Que si no es la hora del mate, que el disco volvió a empezar, que mamá tengo hambre. Y sí: salgo mucho, a veces vuelvo. Sobre todo cuando los recorridos son largos. Debo confesar que las distancias no son casuales: busco llevar una novela, un ensayo, unos cuentos que quepan en el viaje. Algo de eso debe tener que ver con que, luego, el recuerdo del trayecto se sobreimprima en la memoria que me queda de ese libro. Como los globos aerostáticos de Niveles de vida, de Julian Barnes, que para mí volarán por siempre sobre la ruta uno junto al Pacífico. En ese caso, por ejemplo, el libro fue sustancialmente más corto que el itinerario de Santa Mónica a San Francisco, pero cada uno de sus tres relatos coincidió con un tramo: partí con los pioneros de la conquista del cielo (azul en mi imaginación, como el de Santa Barbara); leí "En lo llano", sobre el coronel Fred Burnaby después del almuerzo; y arribamos a la increíble noche estrellada de Morro Bay con la tristeza por la muerte de la esposa de Barnes. Me gusta creer que no es casual que me hayan tocado esos cielos para perpetuar mi experiencia.

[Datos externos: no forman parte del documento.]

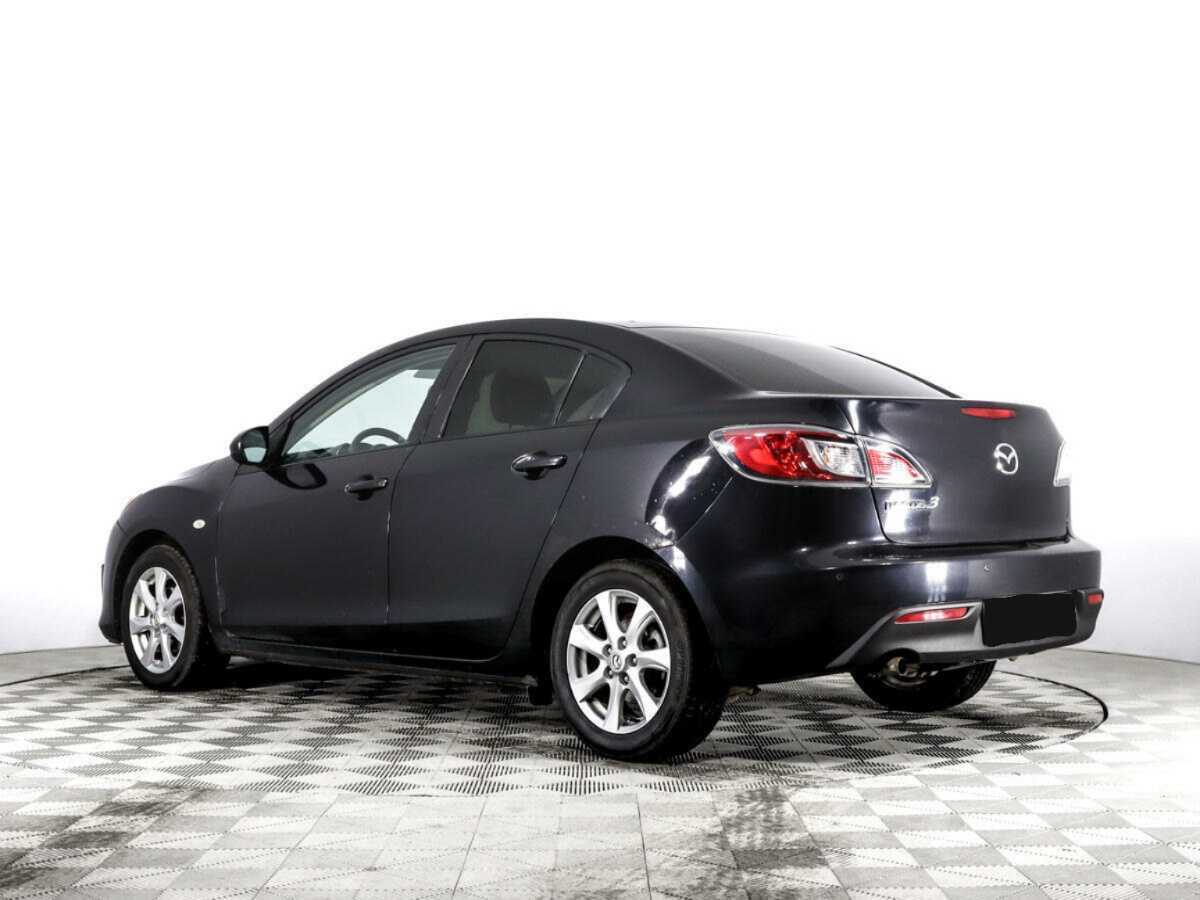 Mazda 3, 2010 - 302 599 км. | Фото №6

Pero no hay que elevarse tanto: hasta la escapada más regular, como el camino tedioso que tantas veces hice de Buenos Aires a San Bernardo, Ostende o Pinamar, puede rescatarse con una buena historia. La uruguaya, de Pedro Mairal –que confirmaron en estos días que será también película – es una novela con arena en los pies (nunca sabré bien si la sensación es por la foto de la portada o porque las sandalias se me empiezan a llenar de partículas antes de tocar destino). Como una válvula de escape ("la entrega a ese ‘no ser’ que se siente al viajar", dice) o una forma entretenida de anticipar la llegar a la orilla, el relato me resuena en los peajes, además de cuando escucho sobre los dólares que supimos conseguir: oficial, blue, turista, futuro. No es que Mairal haya sido un visionario –o tal vez sí, pero por otra cosa–, más bien tiendo a pensar que es esta Argentina en la que todo vuelve.
"¡Mirá el paisaje que te estás perdiendo!". Nunca falta la resignada voz de alerta del piloto ni mi consecuente vistazo por la ventanilla, para poder seguir leyendo habiendo cumplido con las leyes del buen viajante. "¿Quién se está perdiendo de qué?", pienso, pero no lo digo. Ahora que finalmente parece que podremos este año subirnos al auto y salir (¡salir!), me di cuenta de que extraño tanto leer en la ruta como viajar. Si la última vez de San Pedro-Buenos Aires traje entre manos una fábula sobre cuatro valientes (The Boy, the Mole, the Fox and the Horse), tengo frente a mí la oportunidad de elegir hasta dónde quiero llegar a bordo de mi próxima lectura. Ya sabemos, así, el viaje es doble.